Желание преувеличить число «жертв царизма» было столь велико, что солдатскому комитету Волынского полка пришлось позднее объяснять, что штабс-капитан И. С. Лашкевич и подпрапорщики И. К. Зенин и М. Данилов, «которые числятся в списках погибших героев», были на самом деле «защитниками старого режима».
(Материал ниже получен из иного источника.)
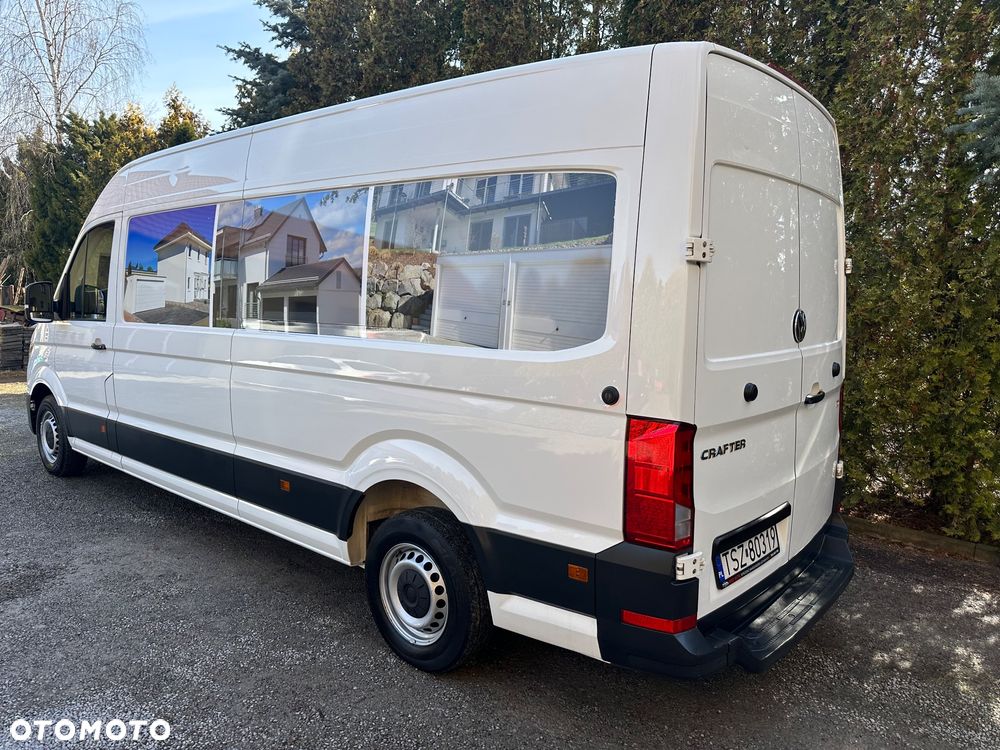 Volkswagen Crafter - 10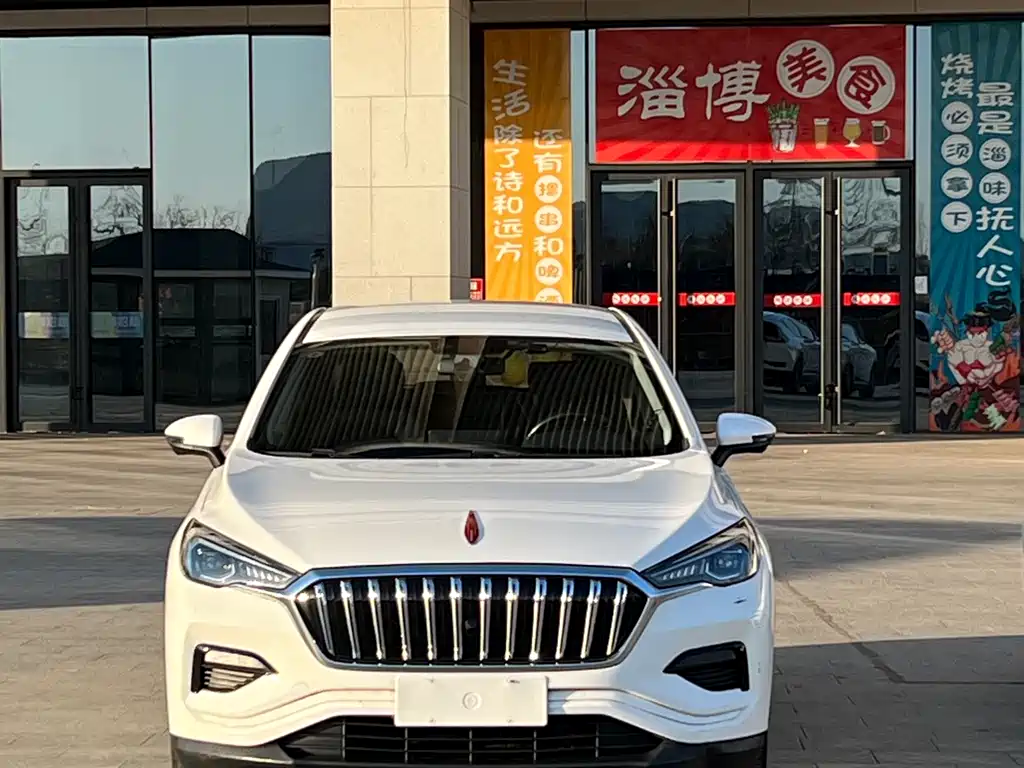 Red Flag E-HS3 2019 Intelligent Link Cheongyue 2WD Edition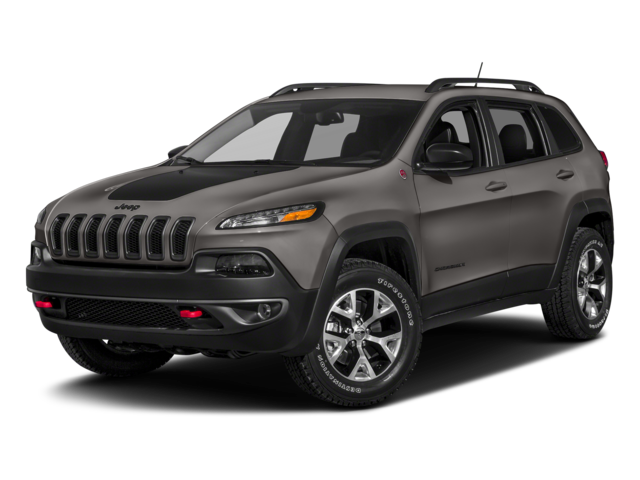 2018 Jeep Cherokee Trailhawk 4X4's photo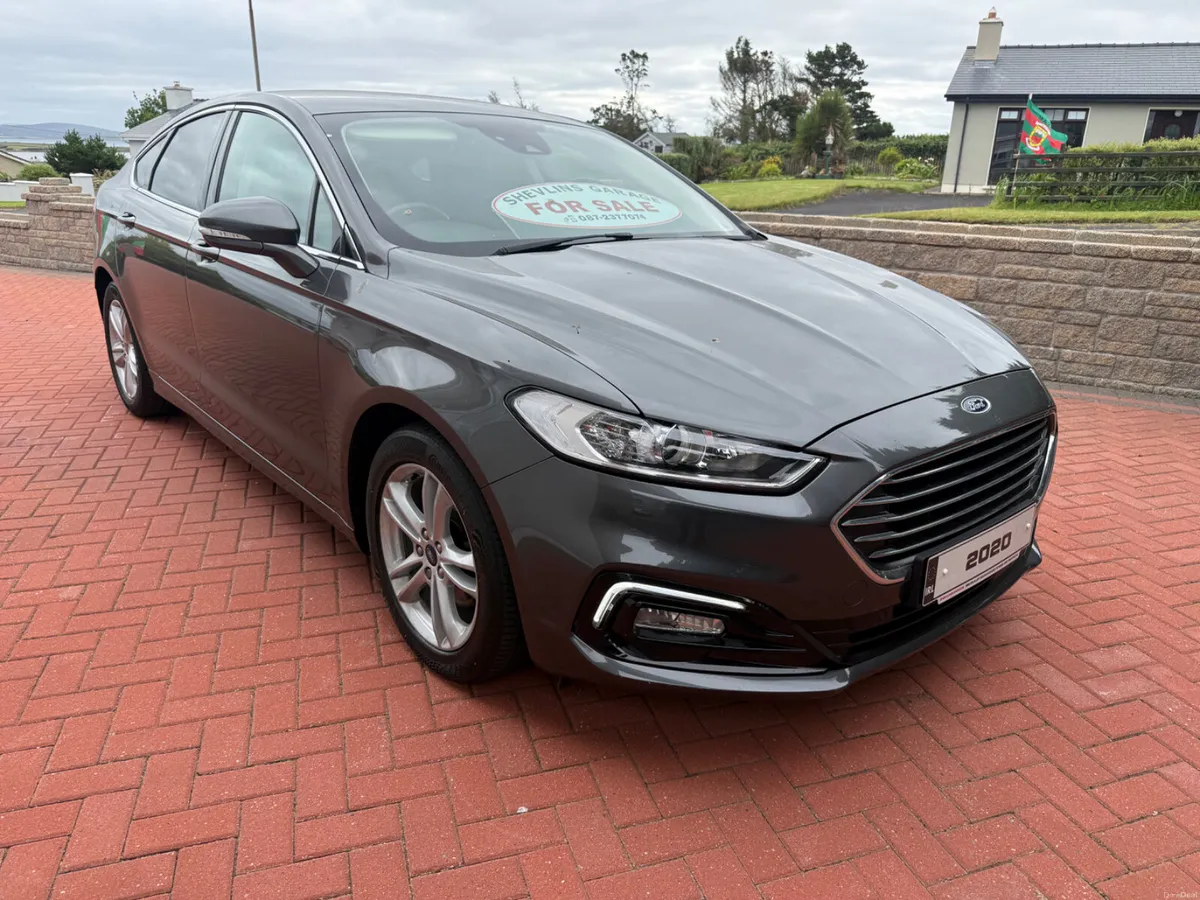 2020  Ford Mondeo 2.0 Tdci Zetec Edtion Automatic - Image 6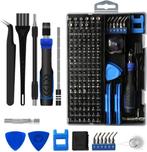 Precisie Schroevendraaierset Magnetisch + siliconen werkmat, 4132AT, Nieuw, Ophalen of Verzenden, IMENGINE B.V.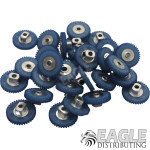 37T 64P 3/32 Axle Gear Bulk Pack (25 pcs)-JKG637-25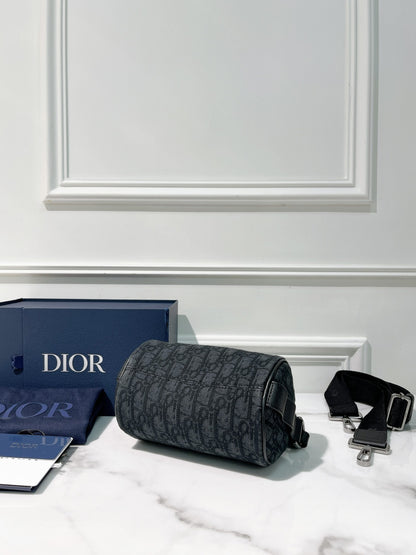 DIOR ROLLER BAG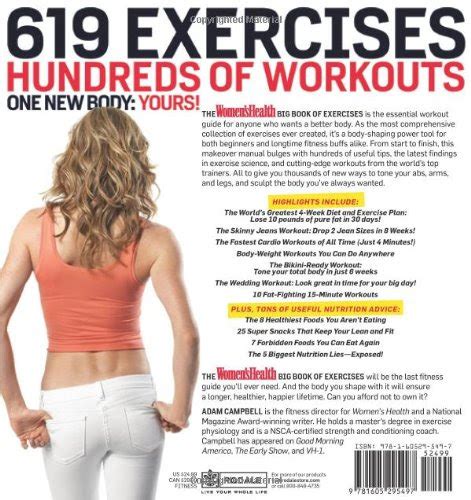 Pdf Books Download The Womens Health Big Book Of Exercises Four
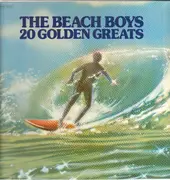 LP - The Beach Boys - 20 Golden Greats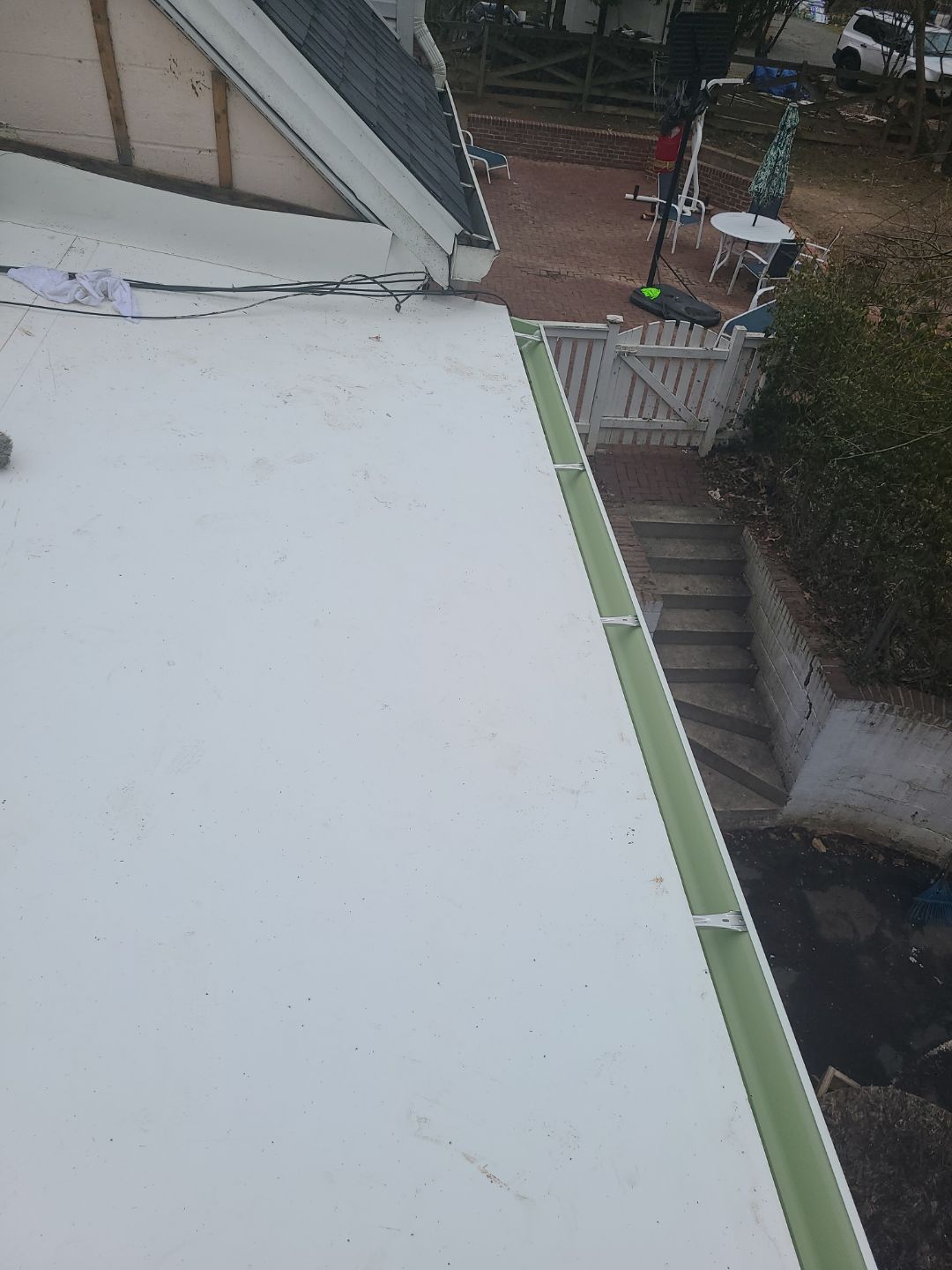 Alexandria: Residential Roof Replacement with CertainTeed Landmark Pro in Max Def Moire Black by RM Banning, Inc.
Организаторы похорон попросили выступить у могил М. Горького и нескольких деятелей искусства. Художница А. П. Остроумова сделала ряд выразительных акварелей похоронной процессии – особенно впечатляли ярко-красные гробы, которые люди несли на руках. Поскольку с опознанием трупов возникли трудности, обыватели злословили, что устроители похорон за недостатком погибших революционеров догрузили могилы убитыми городовыми. Позднее писали, что это был «день великого траура и вместе с тем день величайшего торжества революции, ибо похороны превратились в феерический революционный порыв, превзошедший все ожидания».